None of this is me trying to argue Durham entirely deserved the penalties they got, it's just a theory of why the ECB's sanctions were so disproportionate and inconsistent with the treatment afforded to other counties.   And I have another theory.

Theory 2

One fascinating though under - reported chapter of the Durham story is the investment  / purchase of the club by Indian businessman Gautam Radia.  Durham was never a proper county cricket club, controlled by its members but was originally a company limited by guarantee.  That all seemed to change by 2009 when Radia was identified in the company's financial statements as having having a controlling interest in Durham County Cricket Holdings Limited.  As far as I can see Radia paid approximately £2.3m for his stake in Durham.  In Five Trophies and a Funeral Stuart Rayner identifies another outside investor, Singaporean businessman Jhaveri Darsan, who he says put £6 million into the county, although I haven't been able to track this down in the financial statements.  

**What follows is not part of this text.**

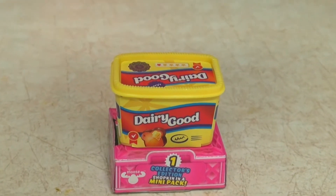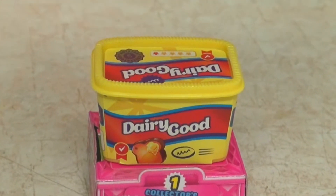And we'll be combining that with Shopkins Dairy Good. It's probably good. Too good combo.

Whether the outside investment was £2.3m or £8.3m Durham seems to have run through that money as well before hitting the buffers in 2016.  And as well as reinforcing the ECB's concerns that bad things happened to people who gave Durham money, foreign investment may have triggered more existential fears in St Johns Wood.  As this 2010 BBC article sets out, part of the reason for Radia's investment was to be in at the start of a putative UK cricket gold rush, with an IPL like tournament including Indian stars and powerful independent franchises based at English test match grounds.  It was, perhaps, not a realistic prospect but I suspect it put the fear of God into the ECB.

One of the changes at Durham as part of the 2016 bail out was that the limited company was converted to a community interest company ("CIC").  One condition for CIC status to be available is that no more than 35% of profits arising can be paid to shareholders as dividends.  This condition formalises the fact that Radia (and possibly Darsan) have lost the money they invested in Durham.  

And in doing this, along with the other sanctions loaded onto the county, the ECB have put down a marker.  For them the counties getting together to form a short form league is an unappealing prospect.  It would see them dethroned from their current position as Sun King of English cricket to a position analogous to the Football Association, theoretically in control, but in practice subservient to to powerful club sides.  I think the ECB nursed its dissatisfaction with Durham and fear of what of they represented and, when the time was ripe, showed what would happen to counties which threatened the ECB world view.